Richard Suchenwirth 2004-10-24 - Reading
I was challenged to play with recursive functions, especially with the theorem that "any partial recursive function (Kleene) on the non-negative integers is in C{F} where F contains only the successor function and the predicate equality". C{F} is the class of functions computable in terms of the given base functions F.
This goes in the direction of If we had no expr. What interested me is that two functions should be enough to derive all arithmetics, so I tried it in Tcl. succ is easily implemented as
proc succ x {incr x}
and equality of integers in canonical form can, without using expr, be had as
proc eq {m n} {string equal $m $n}
Most important is how to compose these functions. McCarthy advocates "conditional expressions", alternating sequences of {condition} {result} like
A B C D ...
which can in Tcl (and many other languages) be implemented as
if $A then $B elseif $C then $D ...
or more compactly with expr's ?: ternary operator:
$A? $B: $C? $D: ...
I decided to use expr in these experiments only for the ?: operator - the others shall be recreated from the two "axioms". Here's the func wrapper that hides the use of expr:}
proc func {name argl body} {proc $name $argl [list expr $body]}
and, as we'll need some testing interweaved with func definitions, here's a tiny multi-case tester:}
proc test args { foreach {case expected} $args { catch {uplevel 1 $case} res if {$res != $expected} {error "$case->$res, expected $expected"} } }
So, let's go. Following McCarthy's notation, I use shorter symbolic names for the two basic functions:}
proc ' x {incr x} test {' 0} 1 {' 42} 43 proc = {m n} {string equal $m $n} test {= 0 0} 1 {= 0 42} 0 {= 42 42} 1
The partial converse of the successor function is the predecessor ("the non-negative integer before"), where the auxiliary function pred2 uses recursion - it calls itself (as most of the following will). The next definitions are a mechanical transcription to Tcl of McCarthy's:}
func pred n {[pred2 $n 0]} func pred2 {n m} {[= [' $m] $n]? $m: [pred2 $n [' $m]]} test {pred 42} 41 {pred 1} 0
#-- This allows us to define the sum:
func + {m n} {[= $n 0]? $m: [+ [' $m] [pred $n]]} test {+ 3 4} 7
#-- the product
func * {m n} {[= $n 0]? 0: [+ $m [* $m [pred $n]]]} test {* 3 4} 12
#-- the difference (defined only for m >= n)

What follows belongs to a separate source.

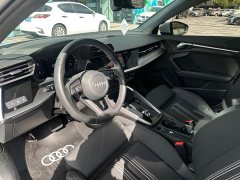 Audi A3 2023 Facelift Sportback 35 TFSI Fashion Sport - ფოტო 13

func - {m n} {[= $n 0]? $m: [- [pred $m] [pred $n]]} test {- 12 7} 5 {- 1 1} 0 {- 0 0} 0
#-- the inequality predicate <=
func <= {m n} {[= $m 0]? 1: [= $n 0]? 0: [<= [pred $m] [pred $n]]} test {<= 1 2} 1 {<= 2 2} 1 {<= 3 2} 0
#-- leading to the strict inequality <
func < {m n} {[= $m $n]? 0: [<= $m $n]} test {< 1 2} 1 {< 2 2} 0 {< 3 2} 0
#-- Integer division goes like this:
func / {m n} {[< $m $n]? 0: [' [/ [- $m $n] $n]]} test {/ 1 2} 0 {/ 2 2} 1 {/ 3 2} 1 {/ 42 2} 21
#-- Integer division remainder (% in expr)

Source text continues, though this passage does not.